Moderation

Protect your users and your brand by checking text content against safety policies for violence, hate speech, and harassment.

Table of contents

  1. Basic Usage
  2. Understanding Results
    1. Common Categories
  3. Integration Patterns
    1. Pre-Chat Moderation
    2. Custom Risk Thresholds

Check if text content violates safety policies using `NodeLLM.moderate`. This is crucial for user-facing applications to prevent abuse.

Basic Usage

The simplest check returns a flagged boolean and categories.

const result = await NodeLLM.moderate("I want to help everyone!");

if (result.flagged) {
  console.log(`❌ Flagged for: ${result.flaggedCategories.join(", ")}`);
} else {
  console.log("✅ Content appears safe");
}

Understanding Results

The moderation result object provides detailed signals:

  • flagged: (boolean) Overall safety check. if true, content violates provider policies.
  • categories: (object) Boolean flags for specific buckets (e.g., sexual: false, violence: true).
  • category_scores: (object) Confidence scores (0.0 - 1.0) for each category.
const result = await NodeLLM.moderate("Some controversial text");

// Check specific categories
if (result.categories.hate) {
  console.log("Hate speech detected");
}

// Check confidence levels
console.log(`Violence Score: ${result.category_scores.violence}`);

Common Categories

  • Sexual: Sexual content.
  • Hate: Content promoting hate based on identity.
  • Harassment: Threatening or bullying content.
  • Self-Harm: Promoting self-harm or suicide.
  • Violence: Promoting or depicting violence.

Integration Patterns

Pre-Chat Moderation

We recommend validating user input before sending it to a Chat model to save costs and prevent jailbreaks.

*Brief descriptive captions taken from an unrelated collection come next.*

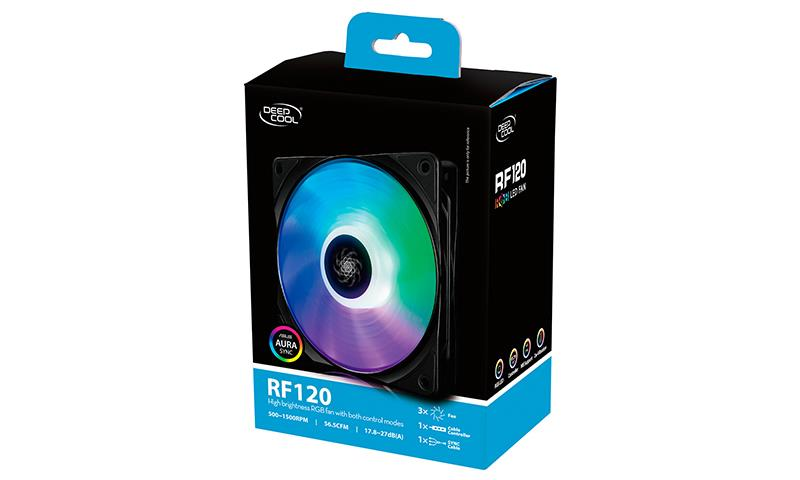 Корпусний вентилятор DEEPCOOL RF120-3 IN 1 (DP-FRGB-RF120-3C) фото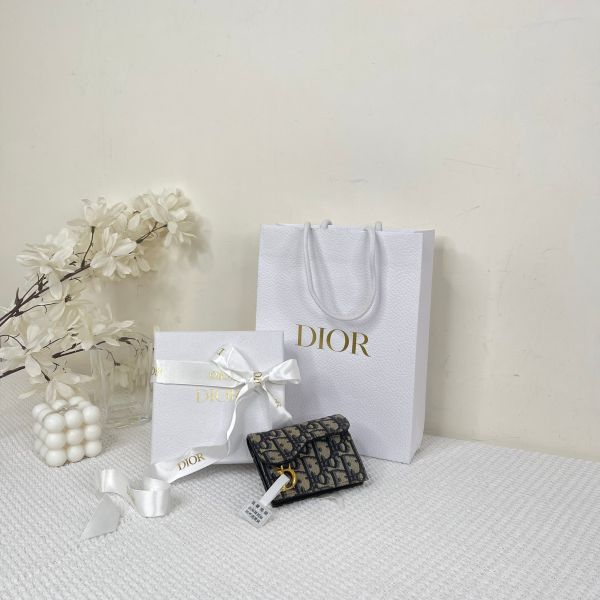 【分期0利率】DIOR SADDLE BLOOM 卡夾【9成新】 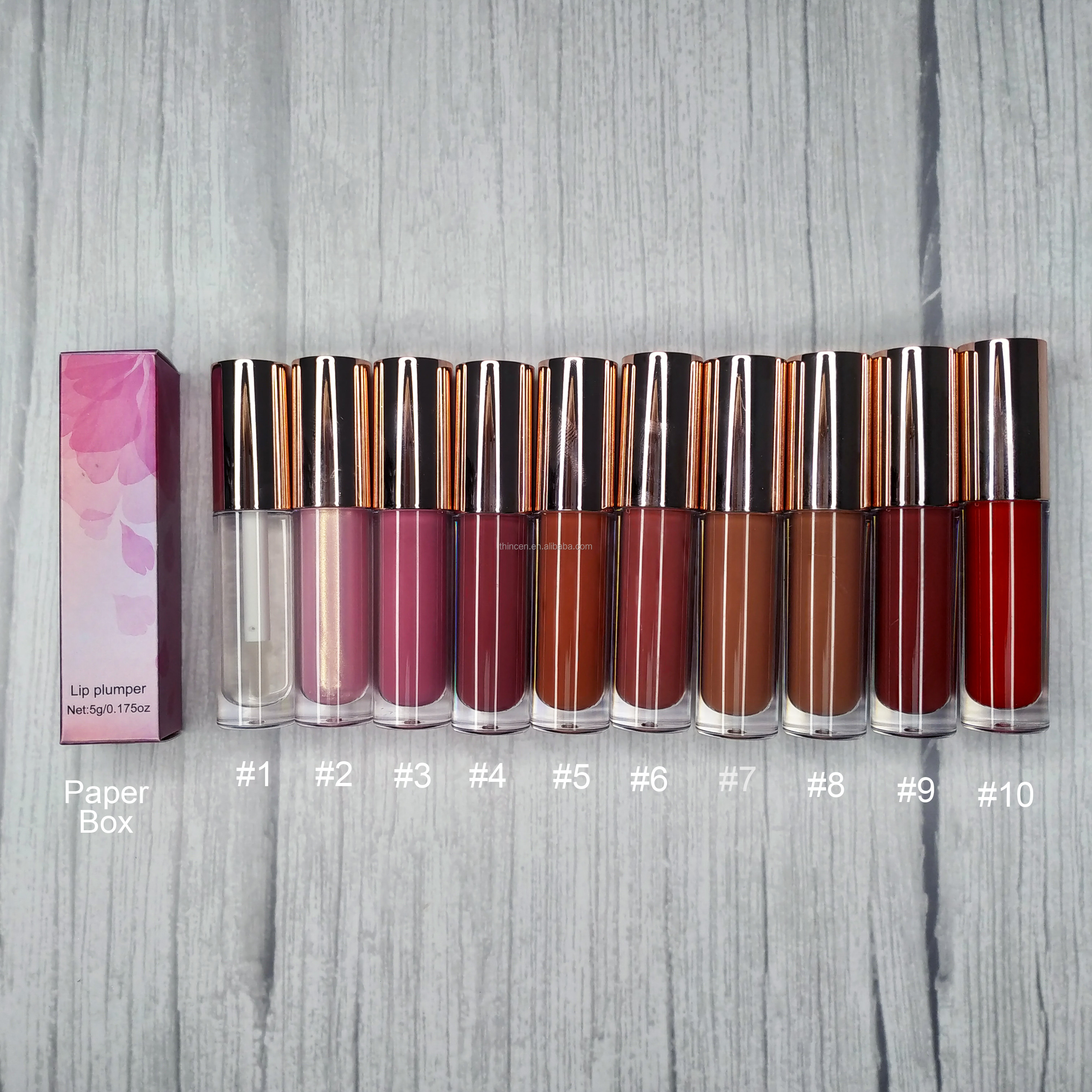 New Arrival Wholesale Vendor Customizable Private Label Plumpling Lip Gloss Lip Plumper 18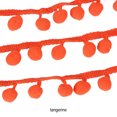 thumbnail image 2 of mmirethe Practical And Fashionable Trim For All DIY Needs Multiple Colors Available 5 Yards Pom Ball Lace Orange, 2 of 6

async function safeChat(input: string) {
  const mod = await NodeLLM.moderate(input);

  if (mod.flagged) {
    throw new Error(`Content Unsafe: ${mod.flaggedCategories.join(", ")}`);
  }

  // Only proceed if safe
  return await chat.ask(input);
}

Custom Risk Thresholds

Providers have their own thresholds for “flagging”. You can implement stricter (or looser) logic using raw scores.

const result = await NodeLLM.moderate(userInput);

// Custom strict policy: Flag anything with > 0.1 confidence
const isRisky = Object.entries(result.category_scores).some(([category, score]) => score > 0.1);

if (isRisky) {
  console.warn("Potential risk detected (custom strict mode)");
}